If you mean do I like fixing this by adding a valgrind suppression,
no I do not.  Valgrind suppressions are last-resort band-aids IMO,
to be applied only when it's clearly understood what behavior we're
masking and why it's more reasonable to mask it than make it better
defined.  I, at least, don't have that understanding from looking
at the thread.  For one thing, Peter has not explained why this issue
appears now with parallel index build when it did not before; it's
not like logtape.c isn't old enough to vote.

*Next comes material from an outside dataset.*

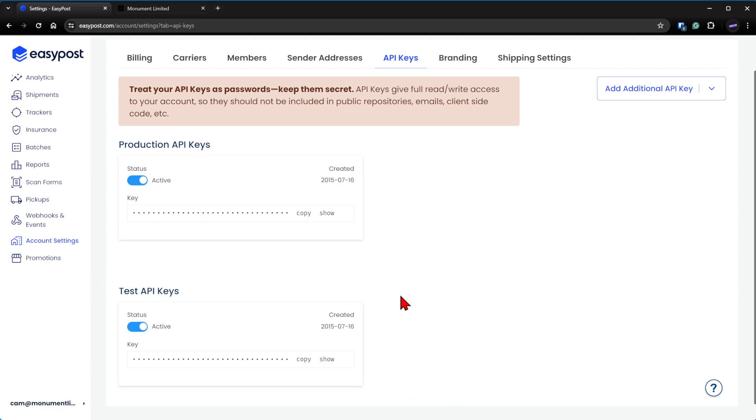No test API key. I can't say this enough because I've had thousands of you call saying EasyPost isn't working and then I come to find out that you've pasted this API key in there. This doesn't exist. Okay, I love you guys. Copy the production API key.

Even granting that a suppression is the way to fix it, the proposed
suppression seems pretty darn broad, and hence likely to mask things
we'd wish it hadn't.

            regards, tom lane


Re: pgsql: Support parallel btree index builds.

От
Robert Haas
Дата:
On Tue, Feb 6, 2018 at 10:46 AM, Tom Lane <tgl@sss.pgh.pa.us> wrote:
> Robert Haas <robertmhaas@gmail.com> writes:
>> On Sun, Feb 4, 2018 at 1:11 PM, Tom Lane <tgl@sss.pgh.pa.us> wrote:
>>> I'll be happier about it when the valgrind buildfarm animals are
>>> happy.
>
>> Me too, but it's not clear what the right fix is.  One thing that
>> would help is if you put in an appearance on the thread where this is
>> being discussed and cast a vote.  (Ditto to Andres.)
>
> If you mean do I like fixing this by adding a valgrind suppression,
> no I do not.  Valgrind suppressions are last-resort band-aids IMO,
> to be applied only when it's clearly understood what behavior we're
> masking and why it's more reasonable to mask it than make it better
> defined.  I, at least, don't have that understanding from looking
> at the thread.  For one thing, Peter has not explained why this issue
> appears now with parallel index build when it did not before; it's
> not like logtape.c isn't old enough to vote.

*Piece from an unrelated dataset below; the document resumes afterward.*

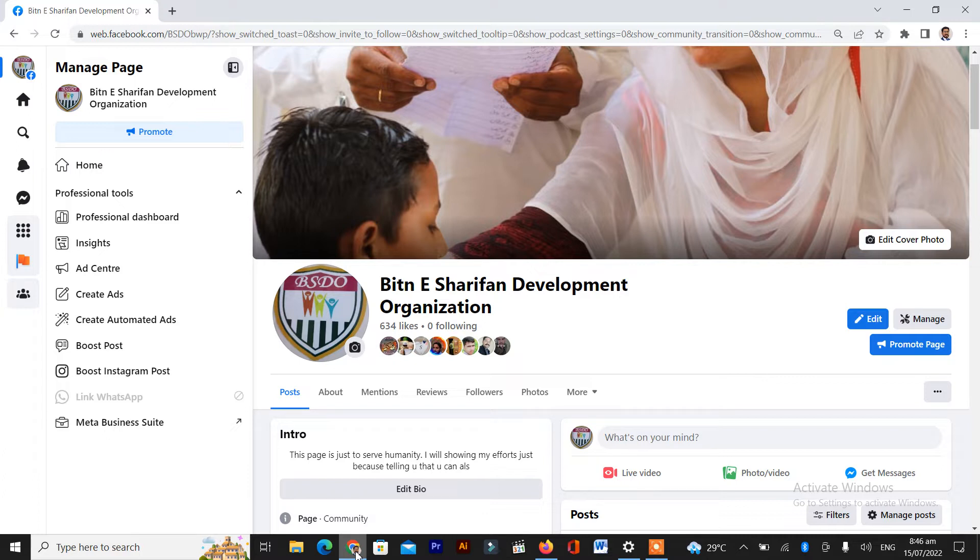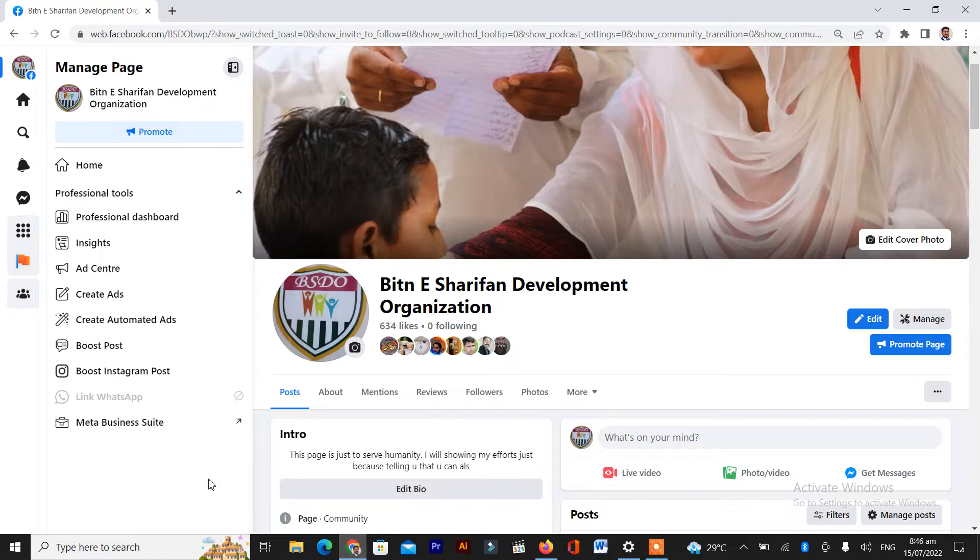If your page is converted into the new page experience and you are looking for monetization tools or creative studio and you don't find those tools.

Yeah, he has actually.  In other cases, the buffer is guaranteed to
have been filled at least once (and thus, from valgrind's point of
view, is initialized) because if that weren't going to happen then we
would have not have switched to a tape-sort in the first place.  You
can't set work_mem smaller than 8kB.  But in the parallel case each
worker must always produce a tape, so it can happen if a worker is
unlucky enough to get only a very small slice of the data (because the
other participants gobble it all up before that process really gets
going).

> Even granting that a suppression is the way to fix it, the proposed
> suppression seems pretty darn broad, and hence likely to mask things
> we'd wish it hadn't.

Well, he talked about that at some length too.  I don't know how
you're not seeing it on the thread.  But what I really need here is
some input on an option you do like, not just a list of things you
don't like.

-- 
Robert Haas
EnterpriseDB: http://www.enterprisedb.com
The Enterprise PostgreSQL Company


Re: pgsql: Support parallel btree index builds.

От
Tom Lane
Дата:
Robert Haas <robertmhaas@gmail.com> writes:
> On Tue, Feb 6, 2018 at 10:46 AM, Tom Lane <tgl@sss.pgh.pa.us> wrote:
>> ... I, at least, don't have that understanding from looking
>> at the thread.  For one thing, Peter has not explained why this issue
>> appears now with parallel index build when it did not before; it's
>> not like logtape.c isn't old enough to vote.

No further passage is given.